Quando assumi o comando da comarca, encontrei a cidade de Nossa Senhora da Glória indignada com o assassinato de um vigilante, em pleno centro urbano. Os dois acusados presos, interrogados por mim, negaram a autoria. Nem estavam no local, no momento, nem tinham nada a ver com o fato. Na audiência seguinte, fui alertado pela Promotoria Pública para o depoimento de uma testemunha ocular. A testemunha negou. Não estava no local. Indagada porque tinha feito declarações em sentido contrário perante a autoridade policial, afirmou que fora ameaçada pelo delegado para dizer o que não vira. Perguntei-lhe se confirmaria à coação alegada na presença do delegado, respondeu que sim.

Marquei a acareação. Antes procurei conversar com o desembargador Luiz Carlos Fontes de Alencar, que me alertou para olhar bem os acareados durante o ato, o que fiz. A testemunha estava calma. O delegado de então, já ex-delegado, mostrava-se nervoso e inquieto. Encerrado o ato, e, devidamente assinado, o ex-delegado estendeu sua mão, que estava suada e fria. Não condenei os dois acusados. A prova não era suficiente.

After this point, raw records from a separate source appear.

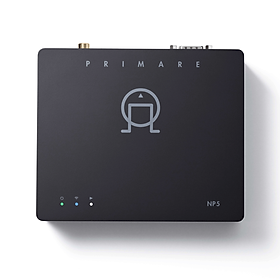 Mua Đầu Phát Nhạc streamer PRIMARE NP5 PRISMA ( Thủy Điện ) HÀNG CHÍNH HÃNG NEW 100%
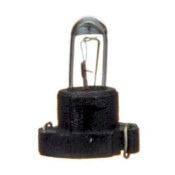 Лампа Avantech Autolamp Bulbs BAX (пластиковый цоколь, T3), 14В, 0.56Вт, арт.AIB1561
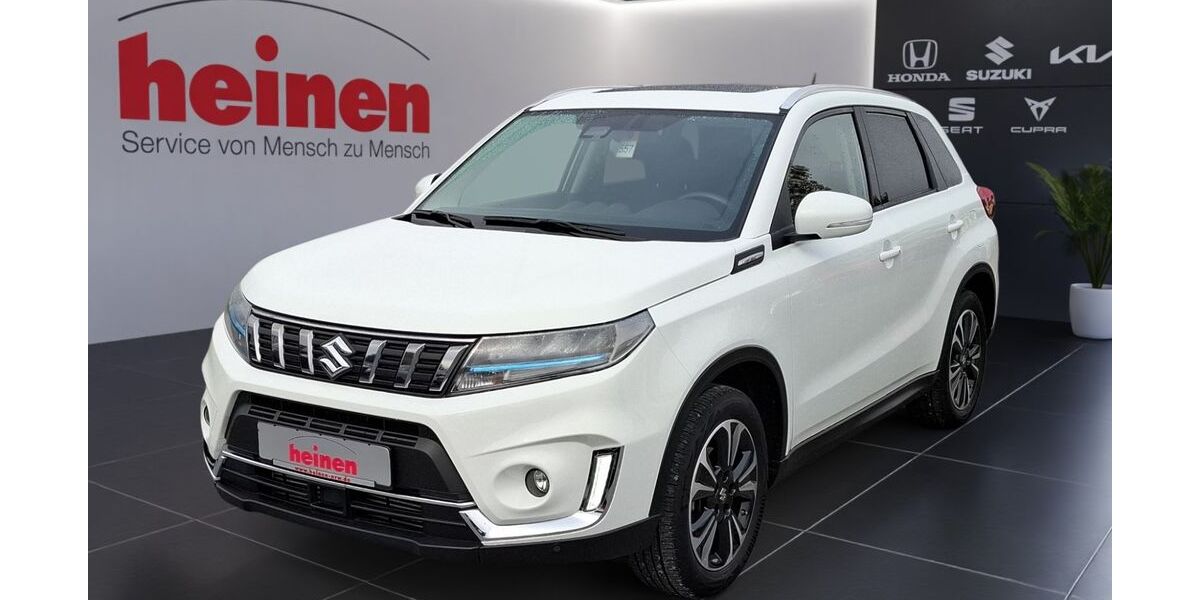 Suzuki Vitara 19.990 km 21.809 &euro; Bergkamen 59192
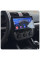 Штатная магнитола Lesko для Volkswagen Golf V 2003-2009 экран 10" 2/32Gb 4G Wi-Fi GPS Top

Em Poço Redondo, a calçada da Prefeitura estava cheia de gente, atraída pela realização do interrogatório do acusado, autor de um assassinato, cujo fato não me vem à memória. O distribuidor da Comarca, Jailson da Silva Monteiro, sombra que me acompanhava, alertou-me para um detalhe: se eu soltasse o acusado naquele momento, ele desapareceria trucidado pela população ali presente. Um pingo de sangue nem um osso ficariam para deixar uma pista. Não foi sem motivo que a viatura policial, que o levava de volta a Penitenciária, foi seguida o tempo inteiro, de Poço Redondo até Nossa Senhora da Glória, os soldados apreensivos, temerosos de um ataque.

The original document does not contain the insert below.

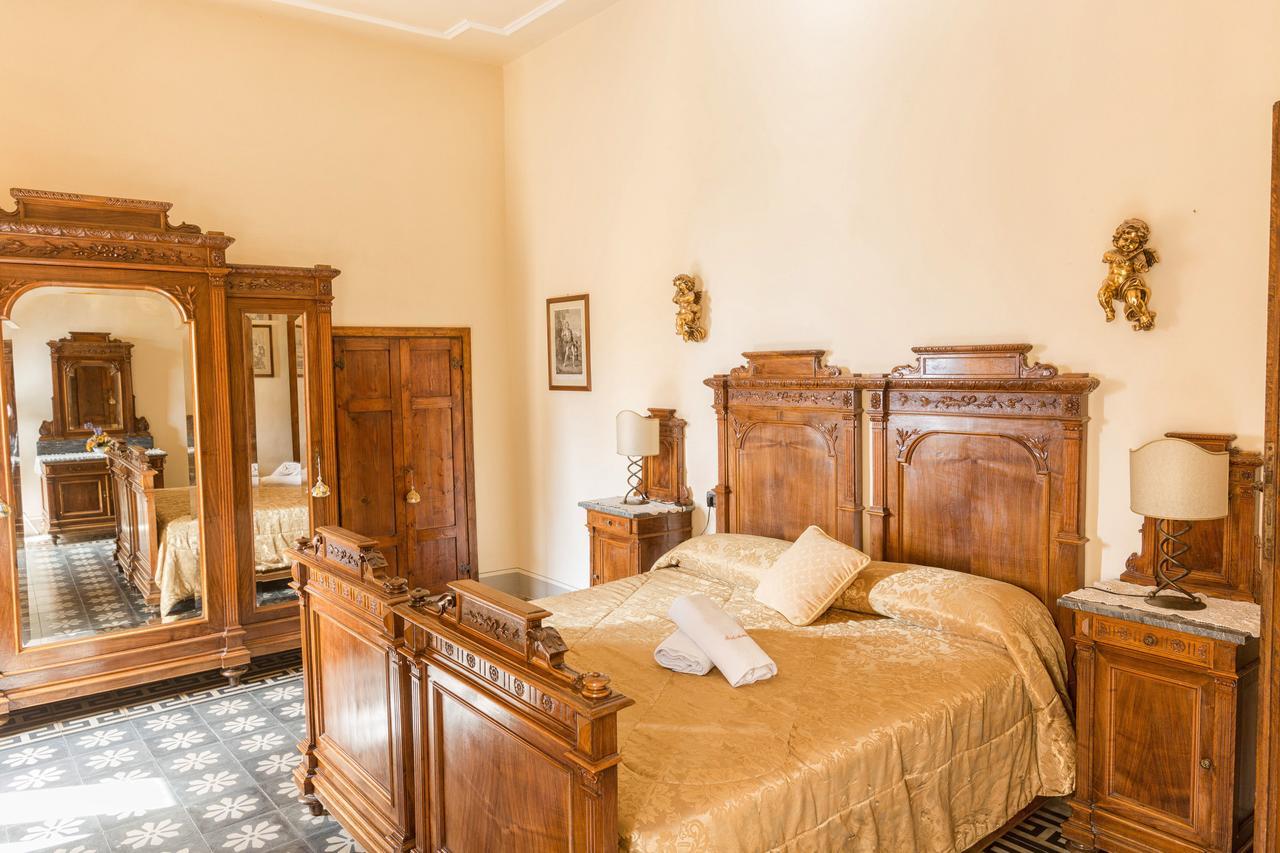 Apartamento Il Corso Montepulciano Stazione Exterior foto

Outra vez, foi o marido que surpreende, no mato, a mulher em plena relação sexual com o vizinho. O traído, com dois tiros certeiros, matou os amantes. A mulher foi atingida no meio da cabeça, o homem, na testa, denunciando a posição em que as vítimas se encontravam quando receberam os disparos. A viúva teve dificuldade de me contar o fato, ao ser ouvida, em juízo. Saiu-se pelo caminho do não sabia. Mesmo indagada acerca do que fazia o marido, ao ser assassinado, respondeu que não sabia, nem procurou saber. Não deu para acreditar. 

Em outra ocasião, ouvi a vítima de um disparo na coxa, tiro tomado em plena festa de leilão. A indiferença da vítima era gritante. Monossilábica, sem demonstrar o menor interesse em ser ouvida, terminou, dada a minha insistência, em revelar que não procurara saber quem lhe atingiu, nem, no momento, se sentia feliz em estar ali. Queria era esquecer o ocorrido, o receio, talvez, de ser atingida em local fatal. Em outro processo, a vítima, ouvida, revelava medo, a proteger com o seu silêncio alguém poderoso, de quem, evidentemente, tinha robusto receio.  

Um advogado alagoano, Francisco de Araújo Dantas, que freqüentou a Comarca, escreveu uma vez, em seus arrazoados, que a região ainda se encontrava em processo de colonização. Daí o excessivo número de crimes que nos chegava ao conhecimento, crimes que, muitas vezes, se resolviam na lei do talião, como o do autor de um homicídio, que, perseguido pela polícia e capturado, foi entregue a família da vítima para que o transportasse a delegacia de Nossa Senhora da Glória. Estranho, não? O assassino foi morto em seguida, ninguém sabendo por quem.

Em Manual de Judicatura Aplicada – coletânea de primeiras sentenças (cíveis e criminais) [Belo Horizonte, Nova Alvorada Edições, 1993, 232  ps.], reuni cinqüenta sentenças nos campos cível e penal, a revelar os casos mais interessantes e bizarros que vivi como magistrado estadual, entre eles a sentença de impronúncia dos acusados da morte de José Francisco do Nascimento, vulgo Zé de Julião, em Poço Redondo, ocorrida em 19 de fevereiro de 1961, por absoluta falta de prova, crime abordado por Alcino Alves Costa em Lampião além da versão -  mentiras e mistérios de Angico [s/local e s/editora, 2002, 444 ps.], que a decisão em tela não fez nenhuma referência.    

Quando me removi para Campo do Brito, os poucos assassinatos que por lá ocorreram, sobretudo em São Domingos, não me assustaram. Em matéria penal, já tinha passado por um bom laboratório.